In recent years there may have been occasional talk about a cease-fire and calm, but the change this time is that the declarations were accompanied by what is known as a "political horizon."
The efforts made over the last four years to deal only with security issues failed. The success of the Sharm el-Sheikh summit was that this time the security issues were linked to a relatively clear political track - the disengagement plan of the Sharon government, which one way or another will lead to the implementation of the political road map. With varying emphases, the three speakers at the end of the summit all mentioned the road map.
The Sharm el-Sheikh summit also opened the way, for the first time, for the Israeli disengagement plan no longer being unilateral, but to be accomplished in coordination and possibly in an agreement between Israel and the PA. There is no doubt that a plan achieved through an agreement between the sides is preferable to one that is implemented utterly unilaterally. Such coordination will no doubt be one of the main achievements that both sides can chalk up to their credit.

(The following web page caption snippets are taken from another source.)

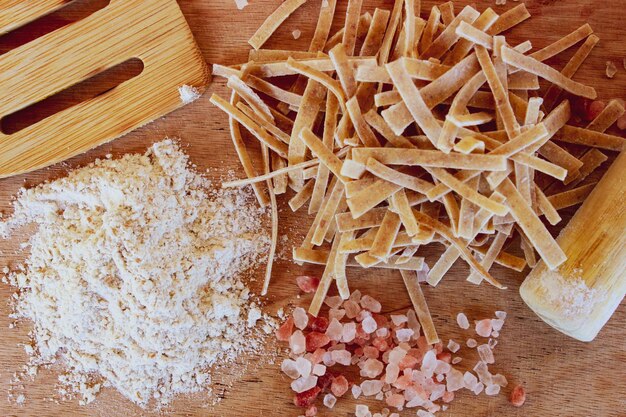 Preparando pasta casera en una mesa de madera. Proceso de elaboración de pasta casera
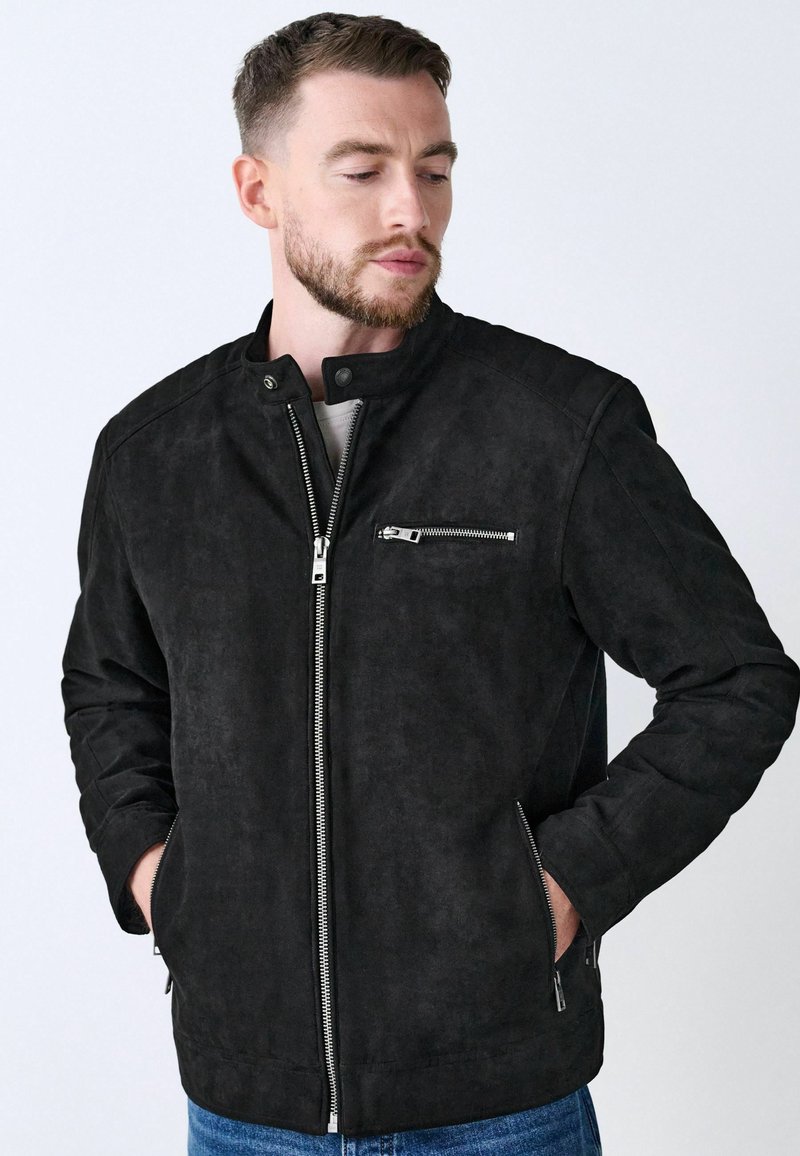 Schwarze Wildlederjacke mit Stehkragen, frontaler Reißverschluss und einer Reißverschlusstasche auf der Brust. Mit gesteppten Schulterakzenten und Seitentaschen.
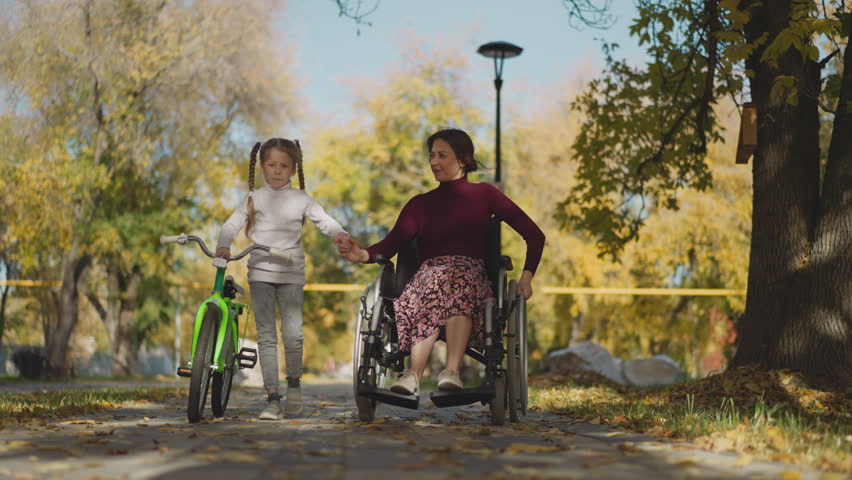 Loving mom and little daughter with long braids walk in park. Woman with spinal cord injury and preschooler hold hands tenderly and smile in joy of communication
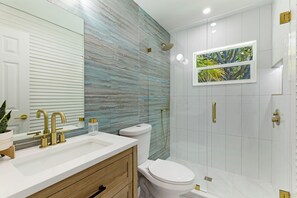 Shower, hair dryer, towels, soap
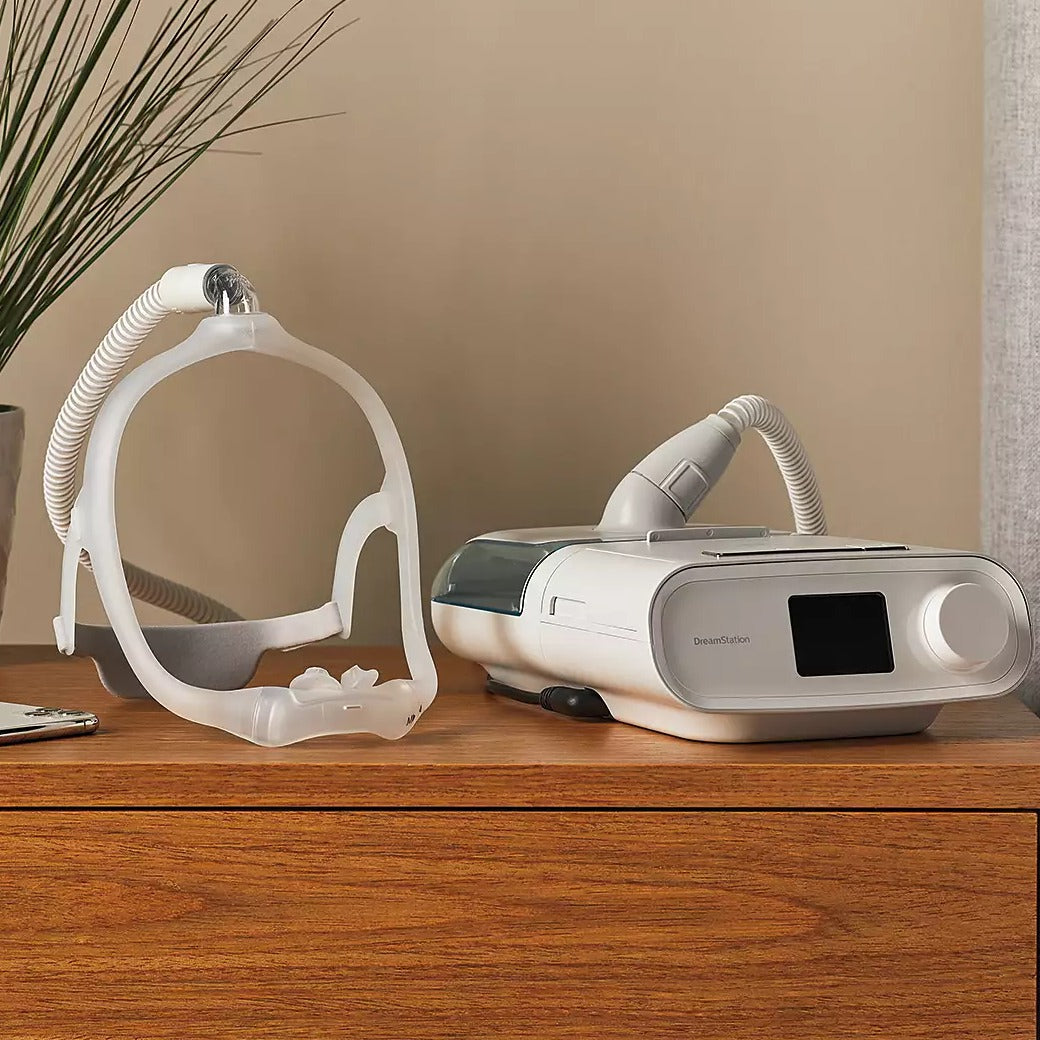 Bedroom photo of a DreamWear silicone pillows mask on a bedside table beside a CPAP machine
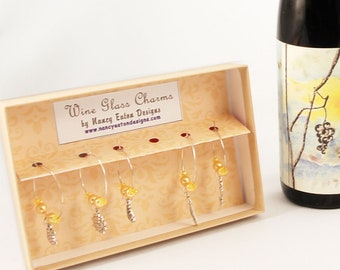 May include: A set of six wine glass charms in a box. The charms are silver with gold beads and a leaf design. The box is white with the text "Wine Glass Charms by Nancy Eden Designs www.nancyedendesigns.com". A bottle of wine and a wine glass with a charm are also shown.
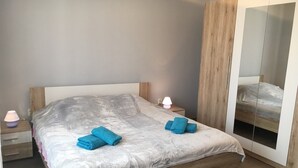 A bedroom with a large bed, wooden headboard, bedside lamps, and a wardrobe with a mirror. - Apartment Kumicic (Opatija)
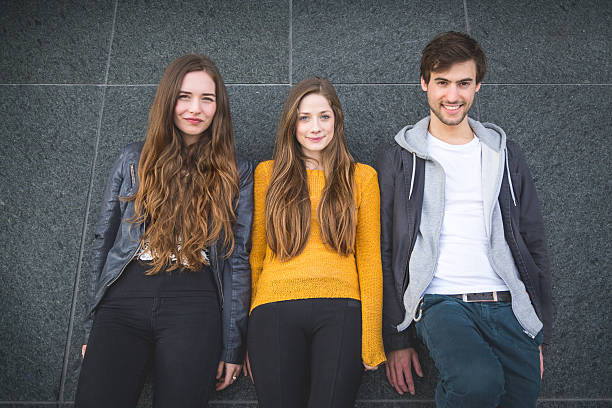 istock Group of friends together, dark wall background 476817450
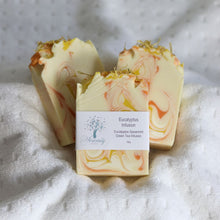 Load image into Gallery viewer, Three bars of soap with a label on a textured surface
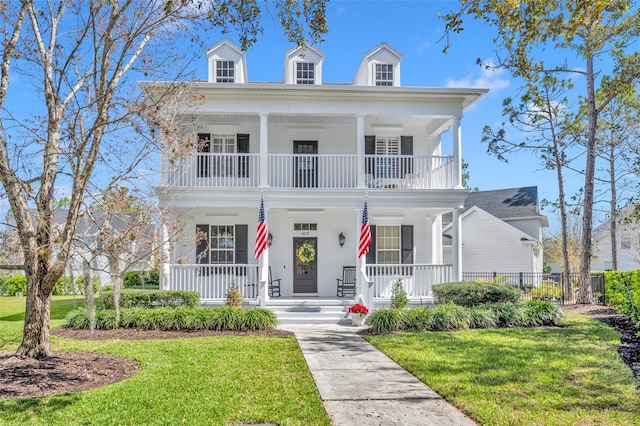 neoclassical / greek revival house with a porch, a front lawn, and a balcony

The conference was a small and initial step toward the discussions about the well-known, weighty issues: borders, Jerusalem, settlements and refugees. It should be remembered that the peace process that began at the Madrid Conference and in the Oslo agreements collapsed over those issues. The participants at the Sharm conference were well aware of that. The summit thus signaled good intentions and readiness for a good start, but as much as it was a good start, it remains but a start.